Photographic Sculpture │ Iridescence by Pierre Mohamed-Petit at Dome of the Academy of Fine Arts

6 June at 16:30

“The 2015/2016 refugee crisis marked one of the most desperate movements of displaced people in modern history. Driven by the brutal escalation of the war in Syria and the violent proclamation of Daesh (ISIS) across the region, a staggering 65.3 million people were displaced worldwide by the end of 2015. Over one million refugees sought asylum in Europe by sea that year, enduring perilous journeys that claimed over 3,700 lives in the Mediterranean. As borders closed, this profound humanitarian emergency bottlenecked on the French coast in towns like Calais and Dunkirk.

It was during this period that the visual representation of the crisis radically shifted global consciousness through the photograph of the death of Alan Kurdi posted in September 2015 on Facebook. “This resulted in unprecedented expressions of sympathy and solidarity for refugees all over Europe, with many people volunteering to help,” stated UNCHR. Yet, while this surge of grassroots humanitarianism addressed the urgent need for physical survival, the deeper, existential trauma of such profound displacement was often left unseen and unanswered.

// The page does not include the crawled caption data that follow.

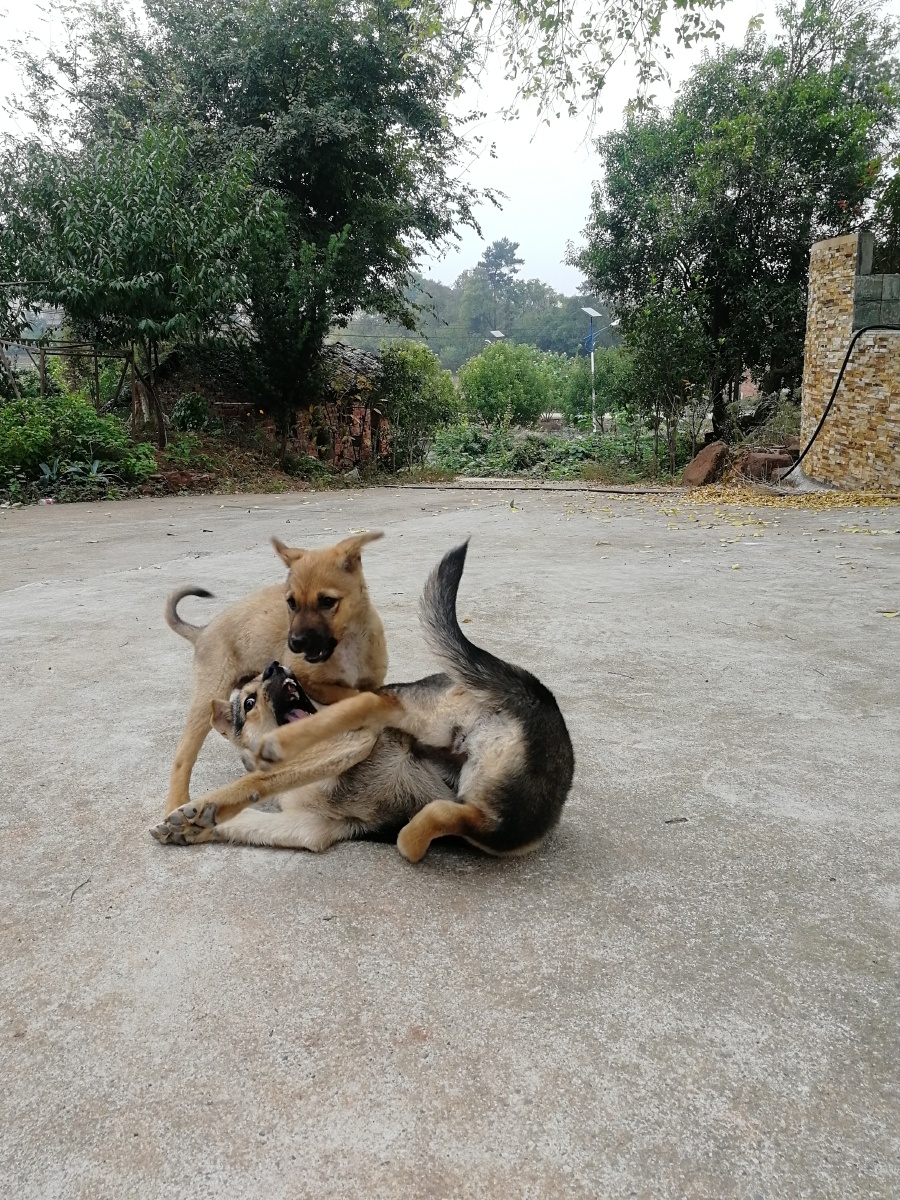 狗的快乐午后吃饱的两只狗开始嬉闹起来相互缠咬很是快活小狗很是调皮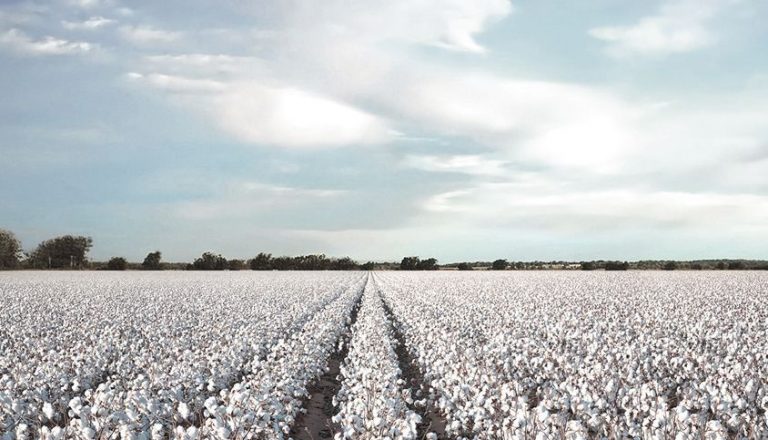 Season’s  cotton production estimated at 9.451 mln bales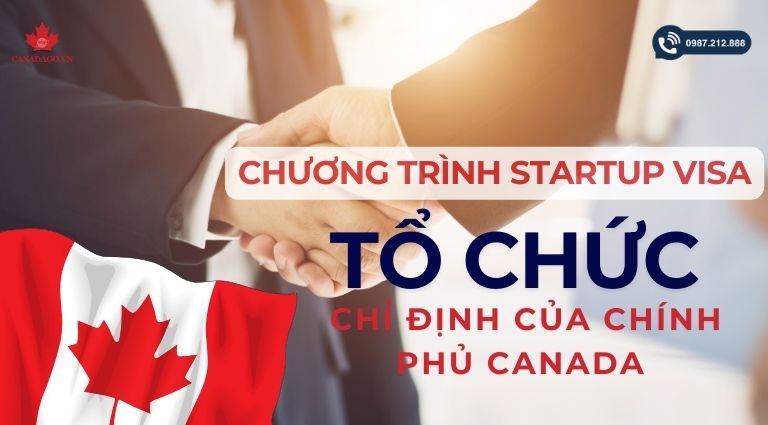 tổ chức chỉ định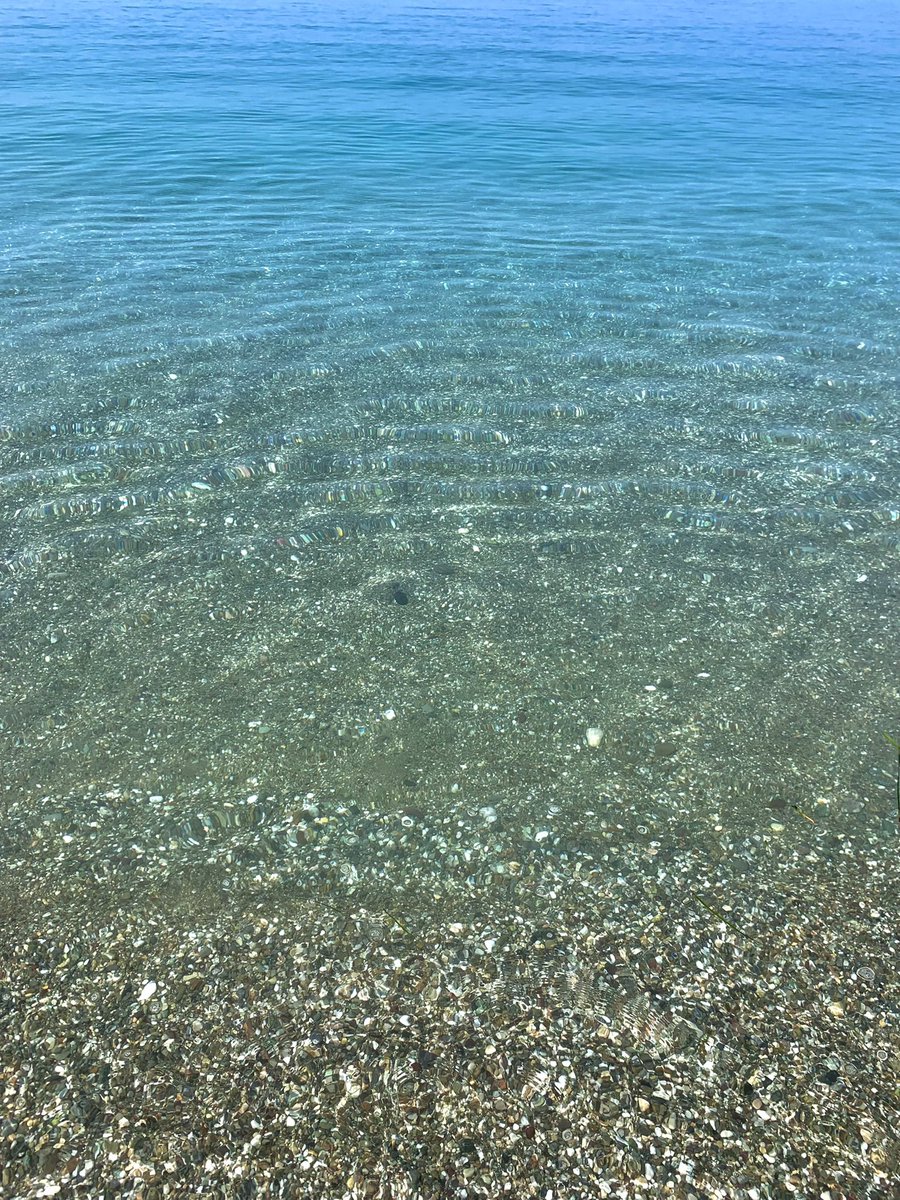 annalisaok8's tweet photo. CETRARO🌞🌊
05/06/22
#calabria #calabriadamare #cetraro #sun #sea #relax #summer #summertime https://t.co/MgEd6e8RaC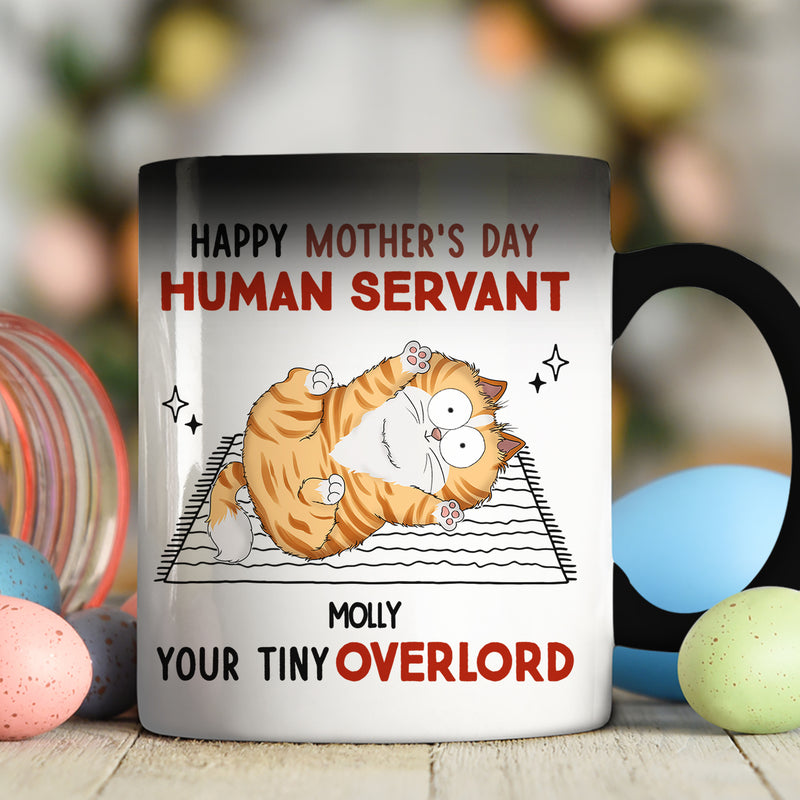 Human Servant Your Tiny Overlords - Personalized Custom Color Changing Mug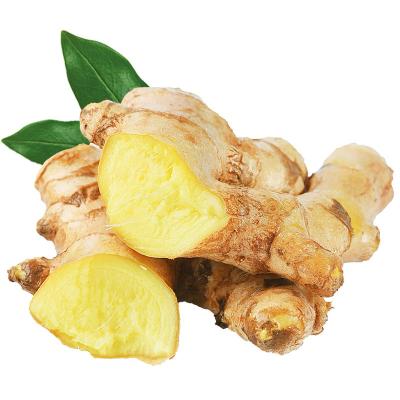 China Fresh Fresh Ginger With Competitive Price Ginger Planter Wholesale Ginger Price for sale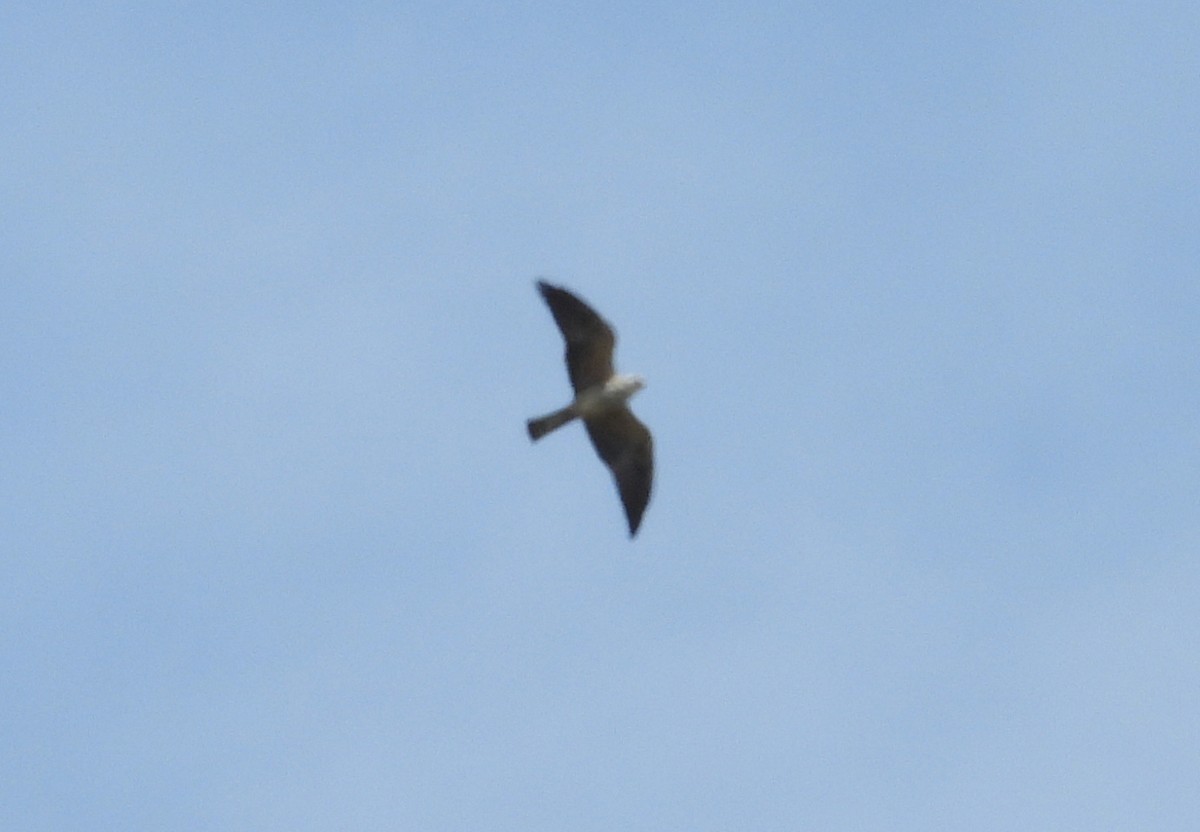 Mississippi Kite - ML643103986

Against this vast historical backdrop, from January to April of 2016, my friend and fellow filmmaker Jacob Rawlings and I followed these grassroots humanitarian movements supporting the northern French coast refugee camps. We sought to identify entry points into these zones, immersing ourselves among those who had fled to hear and meet these women and men, leading us to documenting the makeshift refugee camp of Basroch. Returning on and off over those four months, I witnessed thousands of Kurds stalled in the mud and freezing cold, caught in a desperate waiting period as they attempted to cross the Channel to the United Kingdom. In response to the worsening conditions and local policies, Médecins Sans Frontières (MSF) intervened to build the first-ever official humanitarian camp on French soil, relocating those evicted from the squalid, flooded forest of Basroch. Tragically, in the chaos of this transition, many unaccompanied minors disappeared into the margins or fled to other camps.

The decade that has passed since I first documented this story gave me the distance needed to see deeper into the existential trauma inflicted by migration as a whole. Between 2016 and 2026, a relentless era of violence has triggered the largest mass movements of populations in history, driven by invasions, war, and systemic collapse. From the global pandemic confining us to our homes to the full-scale invasion of Ukraine, the third Sudanese Civil War, October 7 and the genocidal retaliation in Gaza, to the more recent ICE roundups in the USA and its war against Iran, the list is expansive. Crucially in all those conflicts, their destructive force has been inextricably linked to the rapid rise of technology, impacting people as well as the environment they strike. We have witnessed wars waged and visceral realities broadcast instantaneously via social media and the internet, shaping global perception in real-time. Concurrently, the machinery of war itself has been optimized by artificial intelligence through defense technology companies and AI-supported intelligence systems determining, tracking, and destroying targets. The devastation of human life is increasingly reduced to cold and calculated data points.

It is in direct response to this algorithmic detachment that this photographic sculpture emerged, aiming to illuminate an undocumented consequence of mass exodus: its profound impact on the human spirit, and its foundational desire for peace. This yellow box, containing three photographs, deliberately extends beyond the boundaries of traditional photojournalism and its traditional form. While purely historical and informative documentation is vital, it often neglects a crucial intangible dimension: the deep theological weight it imposes on people, and the personal search for meaning. These three photographs articulate this journey in three steps — a progression from a departure toward questioning and finding personal transcendence. By framing the raw reality of this camp within theological references, the yellow box asks us to look at migration not merely as a geopolitical or quantitative issue as it is so often framed in political discourse but as a profound existential questioning of what is a sanctuary in an algorithmic age.” – Pierre Mohamed-Petit

*title inspired by a painting of the same name from French painter Eric Bourguignon, definition of iridescence: the quality of showing many bright colours that change with movement.

 

About the Author: Pierre Mohamed-Petit

Pierre Mohamed-Petit is a French visual artist and the Production Manager at Magnum Photos in Paris. Previously, he worked closely with renowned photographer Stanley Greene and led digital initiatives and global education programs at NOOR Images in Amsterdam.